··· Material for this task ···

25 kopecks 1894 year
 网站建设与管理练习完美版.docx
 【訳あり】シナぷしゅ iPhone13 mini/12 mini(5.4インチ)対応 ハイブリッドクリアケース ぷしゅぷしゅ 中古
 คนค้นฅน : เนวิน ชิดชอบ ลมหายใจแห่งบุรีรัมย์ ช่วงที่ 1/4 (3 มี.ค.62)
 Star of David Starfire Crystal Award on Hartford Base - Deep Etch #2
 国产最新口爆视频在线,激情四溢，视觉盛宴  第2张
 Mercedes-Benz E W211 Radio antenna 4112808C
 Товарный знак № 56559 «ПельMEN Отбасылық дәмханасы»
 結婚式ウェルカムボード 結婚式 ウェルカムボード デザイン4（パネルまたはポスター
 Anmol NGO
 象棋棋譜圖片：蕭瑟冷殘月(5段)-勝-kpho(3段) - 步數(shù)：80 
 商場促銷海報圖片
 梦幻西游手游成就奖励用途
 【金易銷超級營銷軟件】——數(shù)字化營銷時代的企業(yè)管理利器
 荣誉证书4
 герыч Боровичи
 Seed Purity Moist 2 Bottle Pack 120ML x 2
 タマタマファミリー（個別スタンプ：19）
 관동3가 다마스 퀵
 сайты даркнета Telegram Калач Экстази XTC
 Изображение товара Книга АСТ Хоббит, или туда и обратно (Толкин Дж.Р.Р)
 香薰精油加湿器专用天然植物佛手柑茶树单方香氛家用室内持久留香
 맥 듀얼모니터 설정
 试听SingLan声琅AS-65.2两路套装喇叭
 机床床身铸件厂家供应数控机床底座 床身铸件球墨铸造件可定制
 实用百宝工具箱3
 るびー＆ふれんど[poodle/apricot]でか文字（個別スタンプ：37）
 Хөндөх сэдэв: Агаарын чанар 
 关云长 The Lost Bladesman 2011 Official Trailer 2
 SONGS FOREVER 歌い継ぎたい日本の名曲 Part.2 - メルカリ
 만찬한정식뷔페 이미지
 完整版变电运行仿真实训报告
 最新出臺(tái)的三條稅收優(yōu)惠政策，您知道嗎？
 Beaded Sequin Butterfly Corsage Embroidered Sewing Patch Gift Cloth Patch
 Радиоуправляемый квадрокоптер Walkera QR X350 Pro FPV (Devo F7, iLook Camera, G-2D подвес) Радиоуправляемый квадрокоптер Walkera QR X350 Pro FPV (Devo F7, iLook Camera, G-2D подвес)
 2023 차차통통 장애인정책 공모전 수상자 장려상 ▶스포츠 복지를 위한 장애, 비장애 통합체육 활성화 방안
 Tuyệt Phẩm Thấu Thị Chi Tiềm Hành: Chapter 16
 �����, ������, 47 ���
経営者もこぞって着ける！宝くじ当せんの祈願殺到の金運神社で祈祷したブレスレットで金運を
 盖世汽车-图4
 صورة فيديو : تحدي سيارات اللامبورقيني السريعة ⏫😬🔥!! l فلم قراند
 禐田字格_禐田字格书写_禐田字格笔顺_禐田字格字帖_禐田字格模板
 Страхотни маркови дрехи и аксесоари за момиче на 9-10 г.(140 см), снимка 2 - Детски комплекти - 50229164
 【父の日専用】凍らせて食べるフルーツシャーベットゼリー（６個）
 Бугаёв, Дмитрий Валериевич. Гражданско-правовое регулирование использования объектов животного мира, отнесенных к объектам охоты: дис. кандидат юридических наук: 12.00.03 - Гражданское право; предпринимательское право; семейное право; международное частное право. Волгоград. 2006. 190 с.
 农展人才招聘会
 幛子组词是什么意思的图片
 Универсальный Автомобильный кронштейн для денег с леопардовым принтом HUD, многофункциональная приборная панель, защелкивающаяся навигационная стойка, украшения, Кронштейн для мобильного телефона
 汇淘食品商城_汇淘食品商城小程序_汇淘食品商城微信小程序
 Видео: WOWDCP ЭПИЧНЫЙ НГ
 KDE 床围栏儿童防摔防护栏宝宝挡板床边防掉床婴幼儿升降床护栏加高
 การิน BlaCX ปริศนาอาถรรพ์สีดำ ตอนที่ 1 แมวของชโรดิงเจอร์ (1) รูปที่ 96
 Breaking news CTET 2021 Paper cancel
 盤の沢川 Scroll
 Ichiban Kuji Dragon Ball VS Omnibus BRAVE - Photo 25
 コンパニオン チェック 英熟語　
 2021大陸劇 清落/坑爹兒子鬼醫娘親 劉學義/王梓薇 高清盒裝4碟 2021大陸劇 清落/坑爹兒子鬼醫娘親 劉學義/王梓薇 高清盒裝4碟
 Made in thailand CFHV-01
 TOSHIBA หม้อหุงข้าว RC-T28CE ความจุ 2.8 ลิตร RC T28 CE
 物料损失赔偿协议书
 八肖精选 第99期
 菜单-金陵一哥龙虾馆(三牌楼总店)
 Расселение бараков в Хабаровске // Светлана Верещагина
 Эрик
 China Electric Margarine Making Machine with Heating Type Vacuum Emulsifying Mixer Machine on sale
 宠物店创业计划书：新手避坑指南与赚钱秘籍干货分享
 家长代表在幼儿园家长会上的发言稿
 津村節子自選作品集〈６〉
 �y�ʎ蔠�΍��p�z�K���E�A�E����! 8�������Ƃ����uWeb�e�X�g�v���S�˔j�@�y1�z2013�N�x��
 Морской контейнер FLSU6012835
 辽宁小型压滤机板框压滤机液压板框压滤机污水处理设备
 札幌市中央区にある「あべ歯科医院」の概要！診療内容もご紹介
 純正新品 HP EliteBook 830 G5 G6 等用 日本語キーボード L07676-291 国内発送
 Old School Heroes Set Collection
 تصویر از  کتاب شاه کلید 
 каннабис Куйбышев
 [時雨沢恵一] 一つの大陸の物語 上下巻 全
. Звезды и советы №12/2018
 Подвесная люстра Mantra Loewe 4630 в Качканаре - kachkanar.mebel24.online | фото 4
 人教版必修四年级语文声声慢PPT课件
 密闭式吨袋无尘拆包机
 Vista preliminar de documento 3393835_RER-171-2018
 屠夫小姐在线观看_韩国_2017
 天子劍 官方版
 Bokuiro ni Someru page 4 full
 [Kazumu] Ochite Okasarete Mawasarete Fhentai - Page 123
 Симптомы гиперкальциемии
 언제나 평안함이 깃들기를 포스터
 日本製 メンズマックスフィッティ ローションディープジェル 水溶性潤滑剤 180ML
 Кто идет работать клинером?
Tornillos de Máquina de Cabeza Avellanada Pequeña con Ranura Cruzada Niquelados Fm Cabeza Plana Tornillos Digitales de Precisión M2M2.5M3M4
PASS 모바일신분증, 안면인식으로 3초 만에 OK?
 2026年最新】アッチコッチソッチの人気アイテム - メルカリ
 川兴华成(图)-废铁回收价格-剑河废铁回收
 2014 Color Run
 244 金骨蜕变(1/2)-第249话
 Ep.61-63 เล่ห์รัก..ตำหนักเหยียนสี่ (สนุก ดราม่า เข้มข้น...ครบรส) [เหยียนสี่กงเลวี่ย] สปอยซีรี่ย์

···

From the data, pick out every line that includes "メルカリ".

*Response for this exercise*
 SONGS FOREVER 歌い継ぎたい日本の名曲 Part.2 - メルカリ
 2026年最新】アッチコッチソッチの人気アイテム - メルカリ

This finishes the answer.